If I take the length of a string containing a character outside the 7-bit ASCII table, I get different results on Windows and Linux:
Windows: strlen("ö") = 1
Linux: strlen("ö") = 2
On a Windows machine the string is obviously encoded in the "extended" ascii format as 0xF6
, whereas on a Linux machine it gets encoded in UTF-8 with 0xC3 0x96
, which gives the length of 2 characters.
Question:
Why does a C string gets differently encoded on a Windows and a Linux machine?
The question came up in a discussion I had with a fellow forum member on Code Review (see this thread).

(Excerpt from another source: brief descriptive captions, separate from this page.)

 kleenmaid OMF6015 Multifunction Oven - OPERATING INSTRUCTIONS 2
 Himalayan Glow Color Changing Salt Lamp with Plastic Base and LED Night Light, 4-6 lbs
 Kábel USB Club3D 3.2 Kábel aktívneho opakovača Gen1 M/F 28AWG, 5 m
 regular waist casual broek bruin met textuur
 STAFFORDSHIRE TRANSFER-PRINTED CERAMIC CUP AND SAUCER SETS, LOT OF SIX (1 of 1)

First, this is not a Windows/Linux (Operating Systems) issue, but a compiler one as compilers exist on Windows that encode like gcc (common on Linux).

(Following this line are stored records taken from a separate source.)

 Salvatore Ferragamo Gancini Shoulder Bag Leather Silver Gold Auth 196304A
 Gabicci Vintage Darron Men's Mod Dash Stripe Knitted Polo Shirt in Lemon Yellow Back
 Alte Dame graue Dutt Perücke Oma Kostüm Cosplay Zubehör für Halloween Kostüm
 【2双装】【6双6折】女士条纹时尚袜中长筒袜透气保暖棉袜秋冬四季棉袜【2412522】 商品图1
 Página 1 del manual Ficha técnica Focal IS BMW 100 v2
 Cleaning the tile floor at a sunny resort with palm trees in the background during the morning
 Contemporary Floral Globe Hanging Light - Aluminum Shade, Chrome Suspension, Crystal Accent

This is allowed by C and the two compiler makers have charted different implementations per their own programing goals, MS using CP-1252 and Linux using Unicode. @Danh. MS's selection pre-dates Unicode. Not surprising that various compilers makers employ different solutions.
"ö"
is encoded per the compiler's source character extended characters.I suspect MS is focused on maintaining their code base and encourages other languages. Linux is simply an earlier adapter of Unicode into C, even though MS has been an early Unicode influencer.
As Unicode support grows, I expect that to be the solution of the future.